Sento un senso di panico assalirmi e cerco di non farmi prendere dall'ansia quando l'autista mette in moto, ci provo quando imbocchiamo nel traffico e ci provo anche quando arrivo nella via che ha visto ogni mio cambiamento. Cerco di non piangere quando l'auto si ferma, cerco di non farlo quando mio padre apre lo sportello.

Ma non ci riesco e crollo.
Crollo perché fuori quella che un tempo era casa mia ci sono Nise e Nita con in mano un mazzo di fiori a testa, crollo perché vedere mia madre ferma lì ad aspettarmi mi destabilizza.

Crollo perché lì, seduta sulla panchina dove io e Lulù ci scambiavamo i segreti, c'è Carlotta, sua madre, che tiene un cartellone in cui c'è scritto a caratteri cubitali "Piccolè, t'eri scordata la strada pe' vení qua?".

Esco dall'auto con il cuore che batte forte come non faceva da anni, e corro verso le braccia che mi hanno vista in ogni mia sfaccettatura.

Anita e Denise mi vengono incontro e mi stringono così forte da farmi mancare il fiato, piangiamo come le tre bambine che eravamo quando ci siamo conosciute e restiamo per un po', l'una tra le braccia dell'altra.

Mi allontano, vado verso mia madre e abbraccio anche lei perché nonostante l'arrabbiatura e nonostante ciò che mi ha fatto, lei rimarrà per sempre la mia mamma.

Lascio Carlotta per ultima e nel momento in cui avvolge le sue braccia intorno al mio corpo inizio a singhiozzare rumorosamente. Lei mi accarezza i capelli e mi sembra di star stringendo Ludovica.

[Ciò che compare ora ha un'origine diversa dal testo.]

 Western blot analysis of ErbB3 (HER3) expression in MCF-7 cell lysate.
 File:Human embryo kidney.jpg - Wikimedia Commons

Non diciamo niente, nemmeno una parola. Sigilliamo in quell'abbraccio tutto ciò che non ci siamo dette in questi anni, sigilliamo il rapporto che io avrei voluto avere con mia madre e che lei non può più avere con sua figlia, sigilliamo li tutte le nostre scuse per non esserci più sentite. Carlotta mi abbraccia come se, ora che sono qui, fosse tornata a respirare, ed io da parte mia mi rendo conto che con lei vicino mi sento un po' meno spaventata.

Staccandomi da lei vedo mio padre sorridere alla scena, saluta con una cenno della mano mia madre e Totta, con un sorriso le mie amiche, e guarda verso di me come per accertarsi che sia tutto ok.

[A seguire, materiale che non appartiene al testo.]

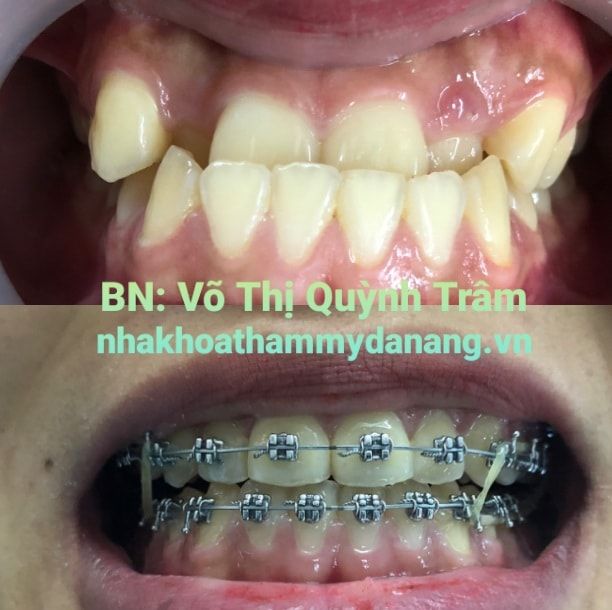 Hình ảnh phòng khám tiêu chuẩn tại Nha Khoa Thẩm Mỹ Đà Nẵng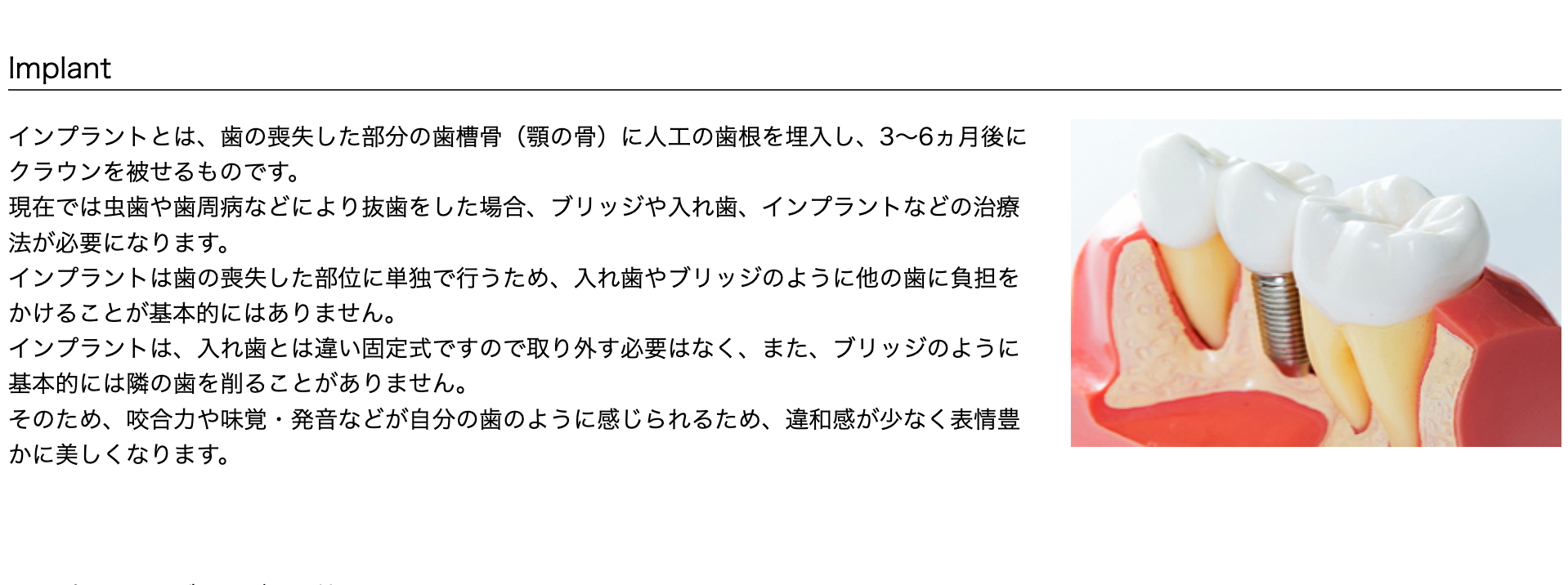 より自然な形で口腔機能を回復させることが可能です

Gli rivolgo un cenno del capo per rassicurarlo, lui mi passa le valigie e rientra nel taxi promettendomi di farsi sentire più tardi per darmi il tempo di sistemarmi.

Mia madre mi lascia un bacio sulla testa e va a sedersi sulla panchina mentre Nise e Nita entrano con me in casa e mi aiutano con i bagagli.

<<Mine sono così contenta che tu sia qui>> esclama Anita mentre saliamo le scale, le rivolgo un sorriso sincero mentre Denise aggiunge <<Non abbiamo detto nulla a Luca, pensavamo fosse meglio tu gli facessi una sorpresa>>.